REQUIRED WORK
Only the lines from the one bearing "Pantalon de Vacances" through the end of the listing belong in your response, restated word for word and without pictures.

RECORDED INFORMATION
:::::

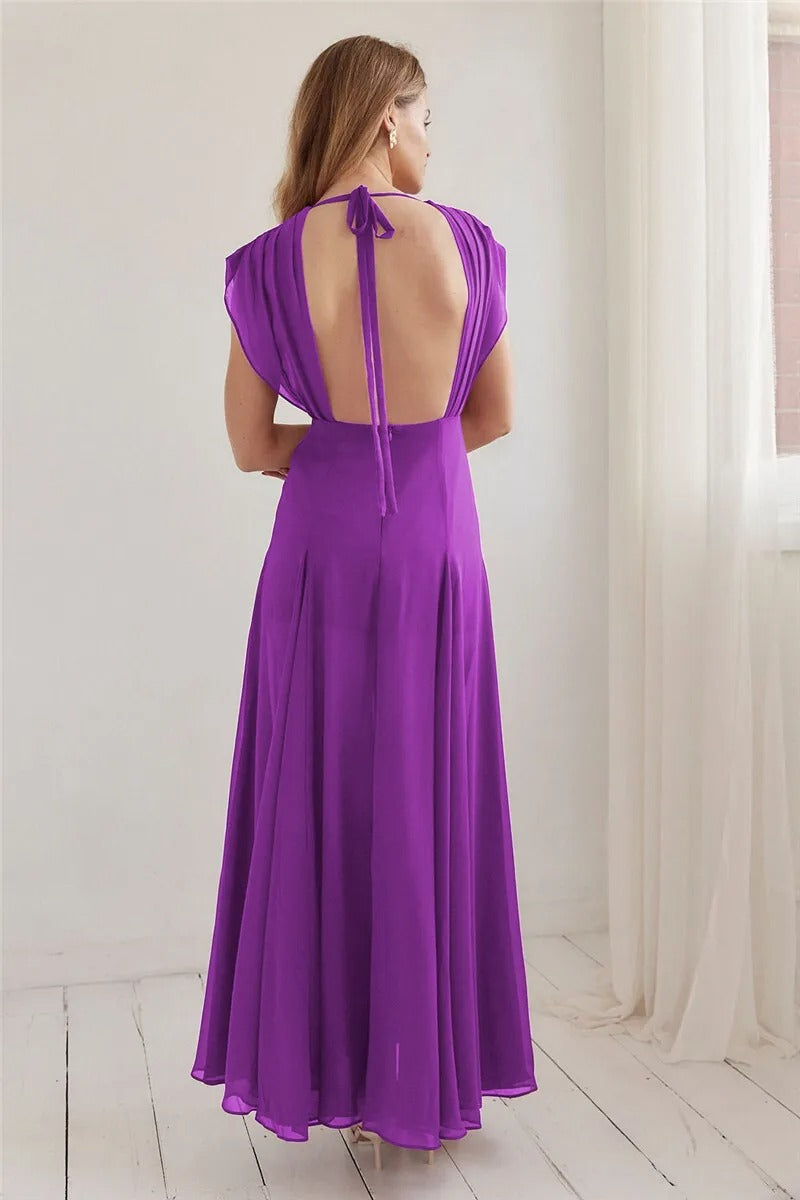 Robe Weitese à col en V profond et fente haute, robe longue sexy pour femmes, mode violette, sans manches, dos nu, robe longue élégante, robe de bal 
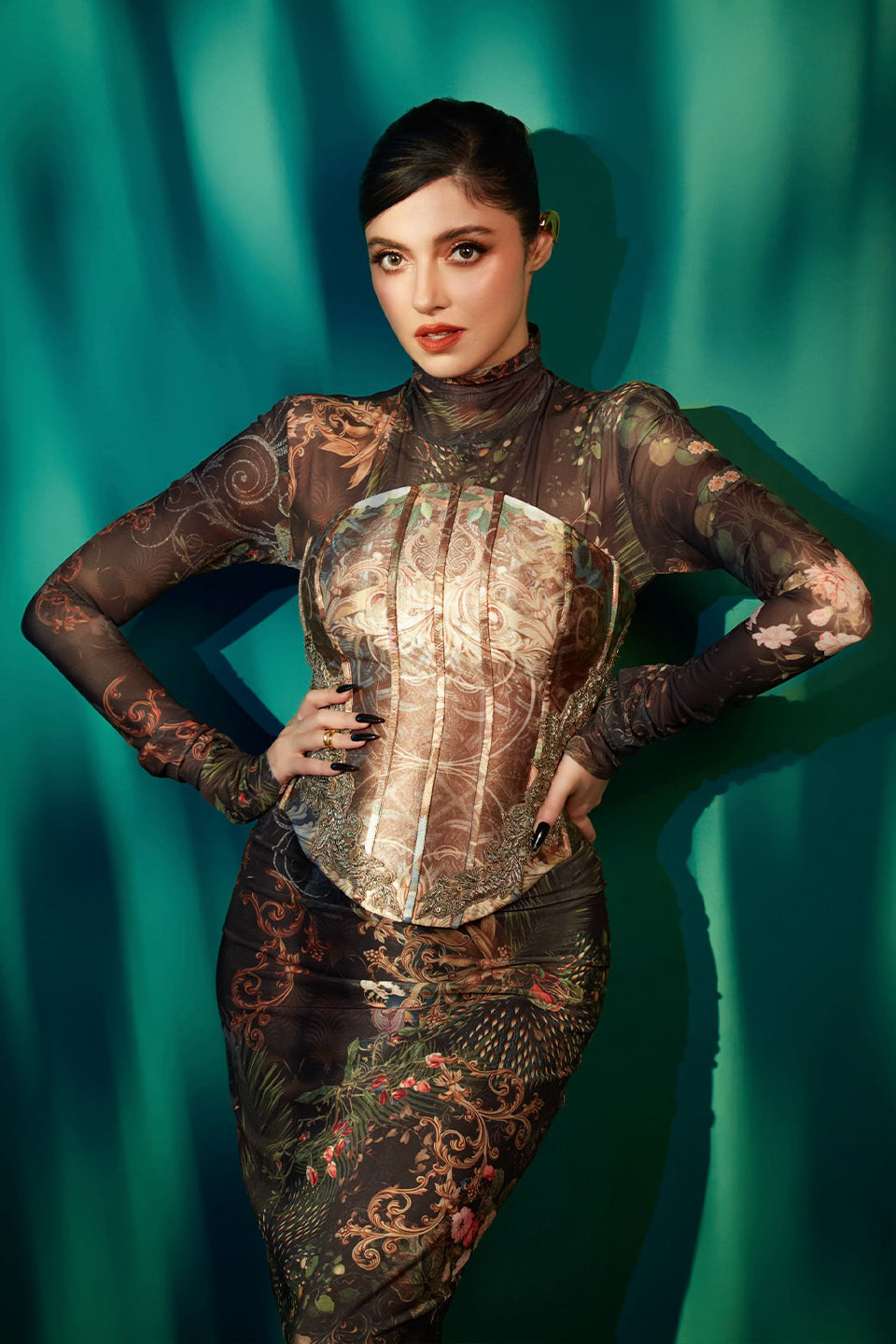 Signature printed gown and corset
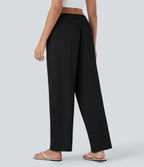 Pantalon de Vacances Taille Moyenne avec Fronces et Poches Latérales  et Aspect Lin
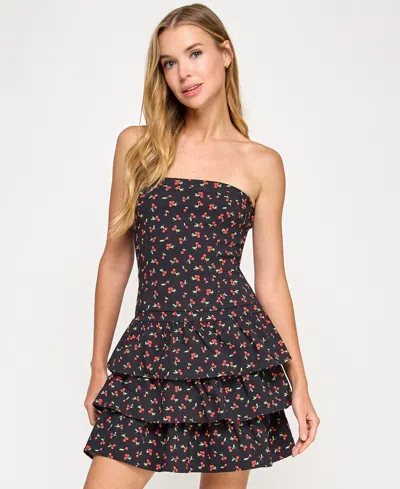 Emerald Sundae Juniors' Cherry-print Tiered Dress In Black Red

:::::

ANSWER SECTION
 Pantalon de Vacances Taille Moyenne avec Fronces et Poches Latérales  et Aspect Lin
 Emerald Sundae Juniors' Cherry-print Tiered Dress In Black Red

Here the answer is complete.